La Barbie era la norteamericana convencional de aquellos tempranos 60. Vale decir, era la esposa –o, en este caso, la enamorada de Ken-. El hombre era el que trabajaba, ella se quedaba en casa o salía de compras, sin mayor perfil. Con el paso de los años, Barbie terminó saliendo de casa y fue adquiriendo oficios, profesiones, responsabilidades. Además de aeromoza también se hizo doctora, empezó a practicar deportes y creo que hasta le inventaron un traje de astronauta. Es decir, la realidad contrarió al principio platónico y empezó a cercar al paradigma.
En los 80, presionada por los cambios en la sociedad norteamericana, la Barbie se hizo negra y su cabellera se llenó de indomables rulitos. Y ahora, en esta segunda década del nuevo milenio, Barbie experimenta lo que para muchos es la gran revolución. O, mejor dicho, su derrota definitiva ante la realidad. Ya no es tan alta, puede, incluso, ser chaparrita. Ya no es perfecta, es decir, ya su trasero no es estilizado; ahora puede ser, literalmente, culona. Puede ser regordeta y hasta tener su barriguita. La realidad, pues, terminó por decir aquí estoy yo. El paradigma fue modificado y la Barbie se rindió.

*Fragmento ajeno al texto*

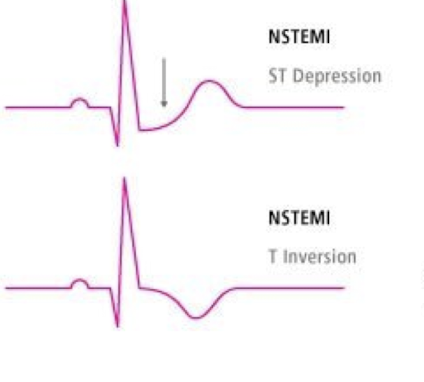 <p>A heart attack caused by a partial blockage that damages the heart muscle, confirmed by elevated troponin levels without ST-elevation</p><p>NSTEMI vs unstable angina</p><ol><li><p>Degree of ischemia that results</p></li><li><p>whether damage causes release of myocardial necrosis biomarkers (troponin, creatine, kinase-MB, myoglobin)</p></li></ol><p>Pathogenesis </p><ul><li><p>atherosclerotic plaque rupture </p></li><li><p>coronary artery vasoconstriction </p></li><li><p>myocardial oxygen demand and supply imbalance </p></li></ul><p>Risk Factors</p><ul><li><p>cigarette smoking (vasospastic angina)</p></li></ul><p>Clinical Manifestations </p><ul><li><p>presentation of unstable angina and NSTEMI similar </p></li><li><p>severe chest pain lasting more than 20min </p></li></ul><p>Emergency medical services needed in cases of </p><ul><li><p>chest pain</p></li><li><p>sever dyspnea</p></li><li><p>Syncope (loss of consciousness or fainting) or presyncope episode (lightheadedness, nausea, and weakness)</p></li><li><p>Palpitations </p></li></ul><p>Dignosis</p><ul><li><p>ECG</p></li><li><p>Serial cardiac tropnins </p></li></ul><p>Treatment </p><ul><li><p>supplemental O2</p></li><li><p>Short-acting sublingual nitroglycerin</p></li><li><p>IV nitroglycerin</p></li><li><p>Morphine sulfate</p></li><li><p>Oral beta blockers </p></li><li><p>High intensity statin therapy </p></li><li><p>Antiplatelet therapy and anticoagulation therapy </p></li><li><p>Invasive strategies </p></li></ul><p></p>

Recuerdo una publicidad de hace unos cuantos años del jabón Dove. En el anuncio, en lugar de las habituales modelos maravillosas, como de otro mundo, ayudadas, de paso, por el photoshop, Dove buscó a mujeres normales, de las que conocemos, de las de todos los días. Así, en sostén y pantaletas, las presentó tal y como eran. Algunas un poco panzonas, otras con piernas no tan largas ni tan torneadas, con más o menos celulitis aquí y allá, con más o menos caderas, pero todas bellísimamente normales, maravillosamente normales, risueñas, pícaras, carcajeantes.
Esas son las mujeres de las cuales nos enamoramos en la vida real. Las que se convierten en nuestras compañeras, nuestras amigas, nuestras novias y esposas. Las mujeres que de verdad nos llenan de belleza y maravillas la cotidianidad.